As a bicyclist with decades of experience negotiating perilous city streets, I can attest that what’s been accomplished over the past two decades is nothing short of amazing. Biking was high-risk behavior in the 1970s when I came of age as a rider.
At one point in the ‘80s, I nearly sold my bike after encountering a dead bicyclist at an intersection just steps from my apartment near the University of Minnesota in Minneapolis. Her body was severed at the waist after being hit by a truck. She was riding in a bike lane—one of few in the country at that time—and had been following all the rules of the road. That was not enough to keep her safe.

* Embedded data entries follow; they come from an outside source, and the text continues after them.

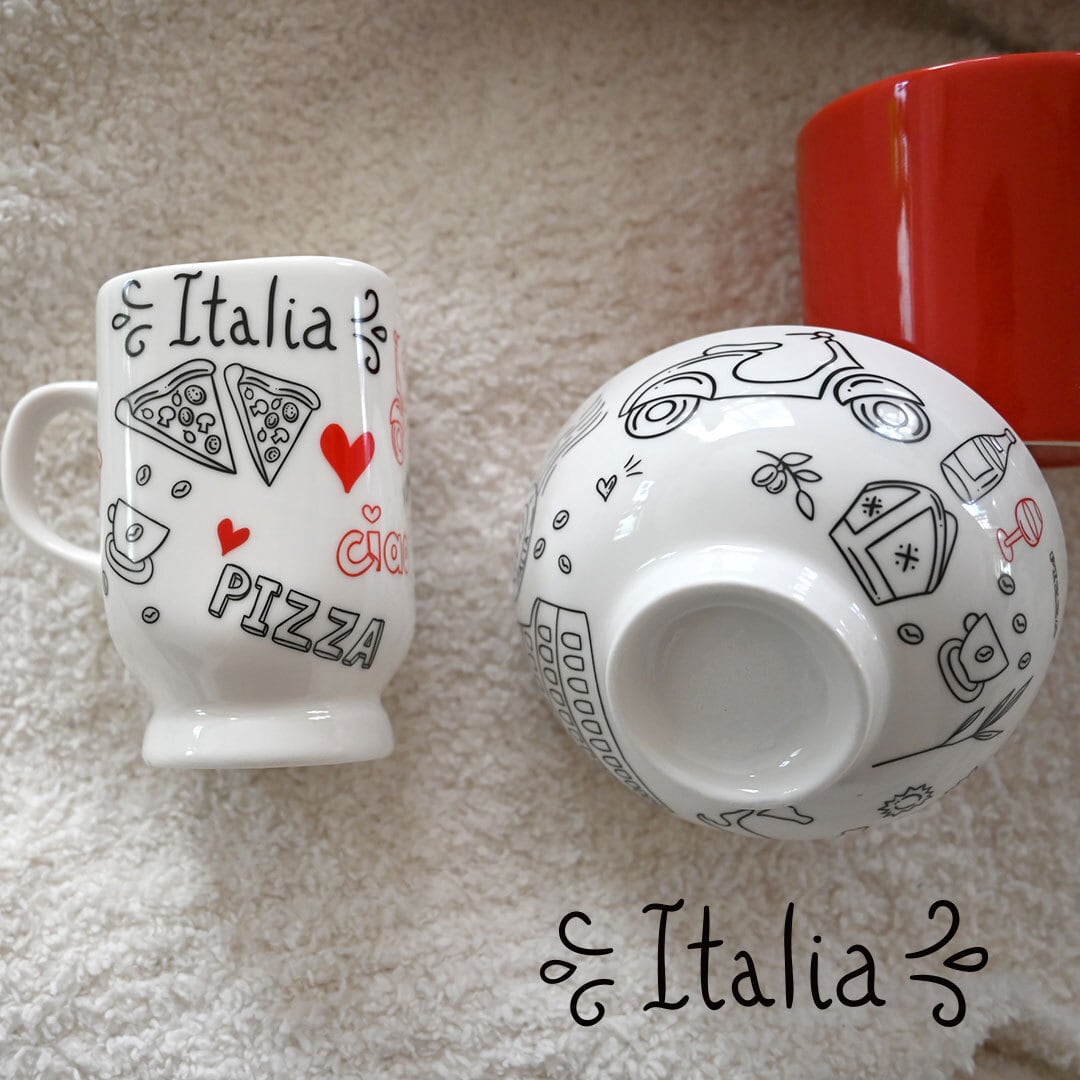 set割引】2枚セット パリ・イタリア転写紙（ポーセリンアート ITALIA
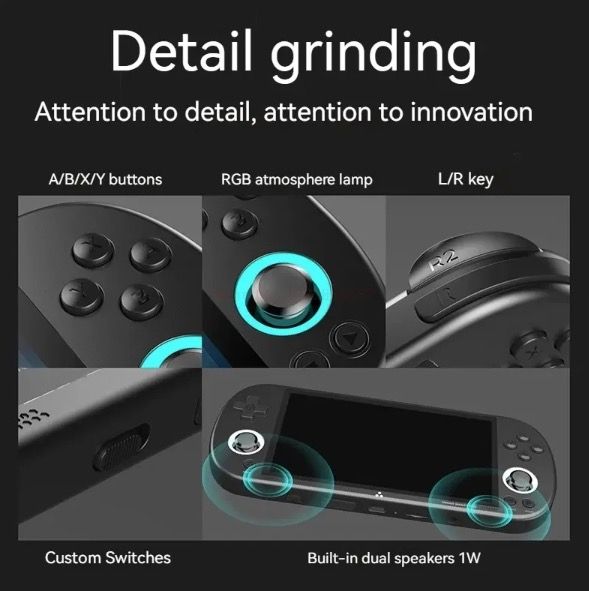 Trimui Smart Pro Console de Jeu Portable Vintage avec Écran HD IPS 4,96 Pouces et Longue Durée de Vie de Batterie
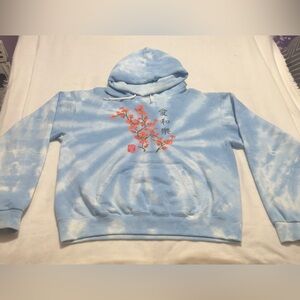 Blue Tie-Dye Hoodie with Floral Design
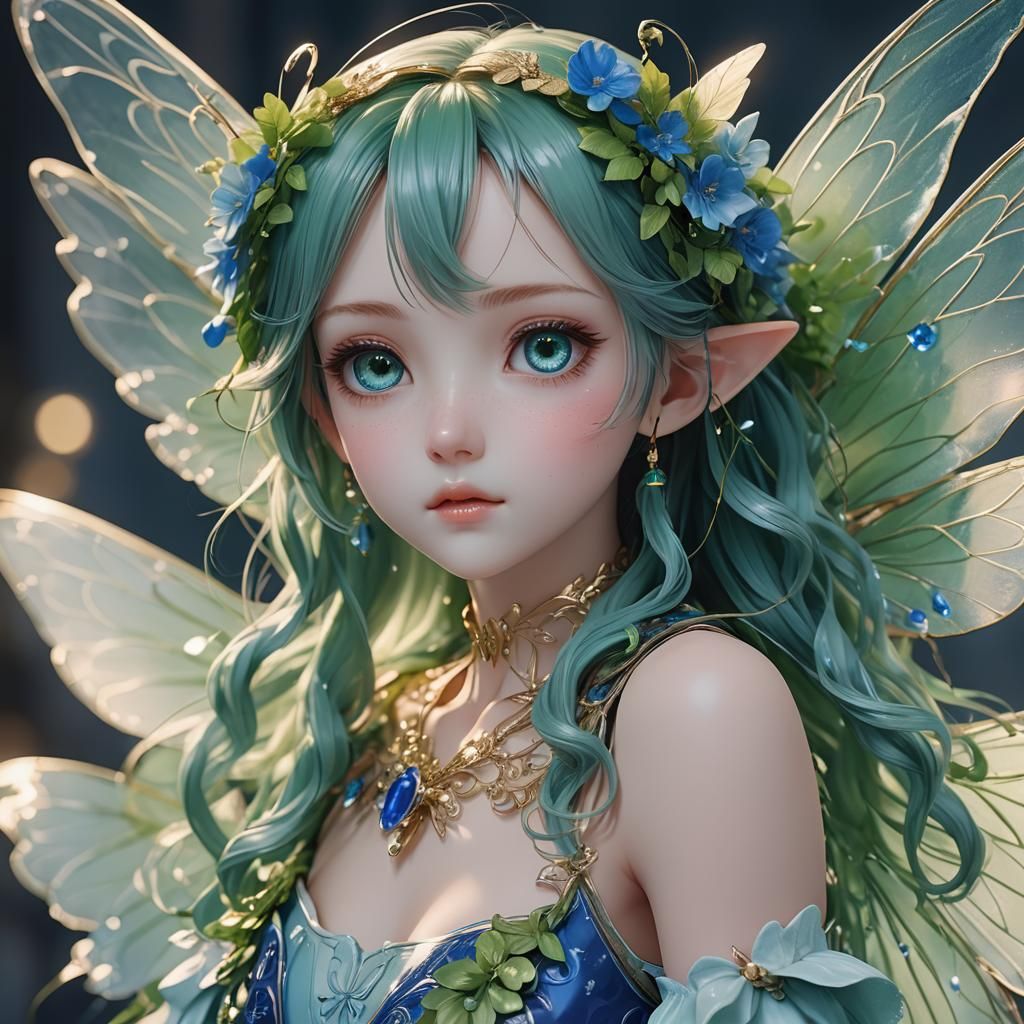 Blue Porcelain Fairy Doll in Anime Art Style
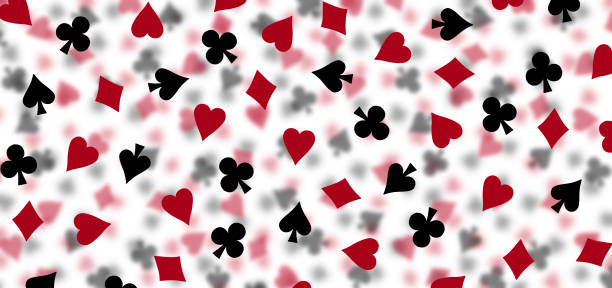 白、カジノ、ポーカーギャンブルのコンセプトにトランプサインからの背景 - bridge cards playing leisure games ストックフォトと画像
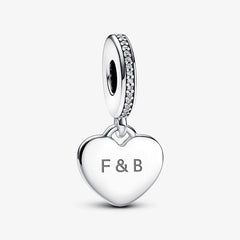 Pandora Herz Charm-Anhänger: Gravierbares, Sterling-Silber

Instead of giving up my bike, I called my city council member with a plea to make biking safer around town. She connected me to a citizen’s advisory council exploring what could be done to improve biking conditions. I moved out of town shortly afterward, but upon returning three years later found Minneapolis a better place to ride.
The outright hostility I experienced from many drivers in the 1980s has dwindled to an obnoxious few. With increased bike traffic, motorists are now accustomed to sharing the road—and indeed many folks behind the wheel may be heading home to ride their own bikes. According to the American Journal of Public Health, the severe injury rate (per miles traveled) for Minneapolis bicyclists plunged 79 percent between 2000 and 2015.
Progress is being made in towns, cities, and suburbs all across the country thanks to tireless bike advocates, smart elected officials and everyday folks who are discovering the joy of biking. Bikes are poised to become part of the American Way of Life as more people of all races, ages, incomes, and genders are seen riding.